The lawsuit, Whitehood v. Corbett, alleges that Pennsylvania’s Defense of Marriage Act, which defines marriage as only between a man and a woman, violates the Equal Protection Clause of the Fourteenth Amendment as well as the fundamental right to marry, said the ACLU of Pennsylvania in a statement the next day.
“We only want what every married couple wants – to express our love and commitment in front of friends and family and the security and protections that only marriage provides,” said plaintiff Deb Whitewood to MSNBC, who has been with her spouse Susan Whitewood for 22 years. “Our life is built around our relationship and the family we have made.”
Deb and Susan Whitewood of Bridgeville in Allegheny County, are the lead plaintiffs in the lawsuit, along with their teenage daughters, Abbey and Katie.

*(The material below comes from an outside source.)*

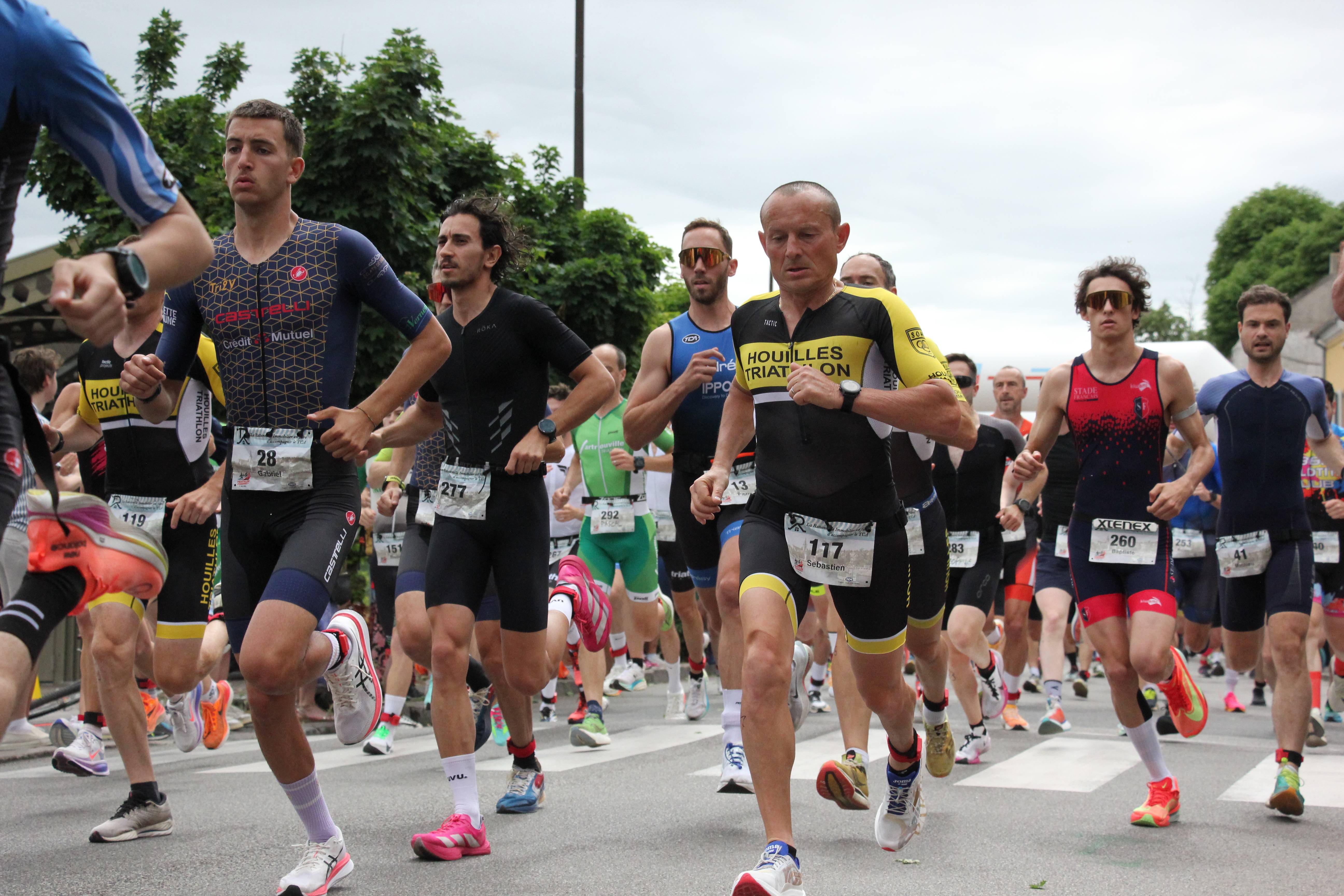 Peloton de coureurs juste après le départ du duathlon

The family also includes two-year-old Landon, who was placed in foster care with the Whitehoods when he was 11 months old and later adopted by the couple. Deb and Susan have lived together in a committed relationship for 22 years. They are devout Christians and their family is actively involved in the Christ United Methodist Church of Bethel Park.
The ACLU of Pennsylvania states the plaintiffs are a diverse group of Pennsylvanians: Some are Baptist, Catholic, Quaker; others are Buddhist, Jewish or Secular. They are African-American, Caucasian, Latino, and Asian. They come from all walks of life including an emergency room doctor, a teacher, a truck driver, an executive at BNY Mellon, retirees, a dog trainer, a stay-at-home mom, and veterans. Many have been together for decades, and some are raising children together.

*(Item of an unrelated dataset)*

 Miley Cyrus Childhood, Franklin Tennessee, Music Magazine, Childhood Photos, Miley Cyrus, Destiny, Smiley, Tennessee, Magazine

“The couples in this lawsuit are united by love, family and commitment, which are the cornerstones of marriage. They are married in every sense of the word, except one – under Pennsylvania law. Today’s suit seeks to give Pennsylvania’s same-sex couples the freedom to marry,” said Witold Walczak, ACLU of Pennsylvania’s legal director and one of the attorneys representing the plaintiffs.

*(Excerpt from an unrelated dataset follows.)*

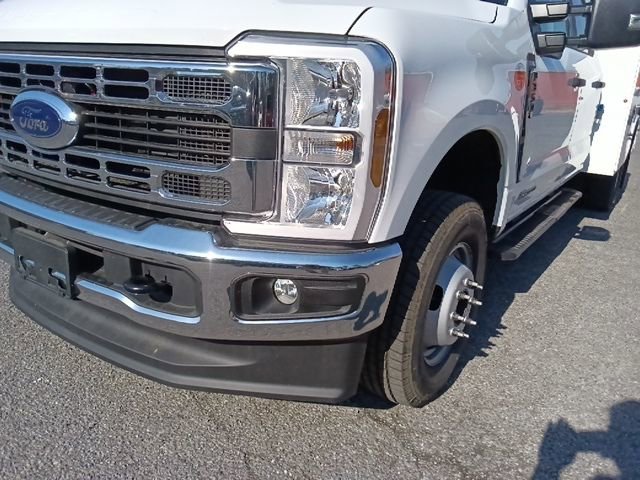 New 2026 Ford F350 XL w/ XL Chrome Package AWD/4WD image 10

This lawsuit comes less than two weeks after the marriage equality victory in U.S. v. Windsor, where the Supreme Court found the Defense of Marriage Act to be unconstitutional, giving lesbian and gay couples federal protections- such as social security and health insurance.
The ACLU also announced July 9 that it will challenge North Carolina’s ban on same-sex marriage and is currently seeking to overturn similar statutes in Virginia prohibiting same-sex marriage as well as recognition of same-sex marriages from other states.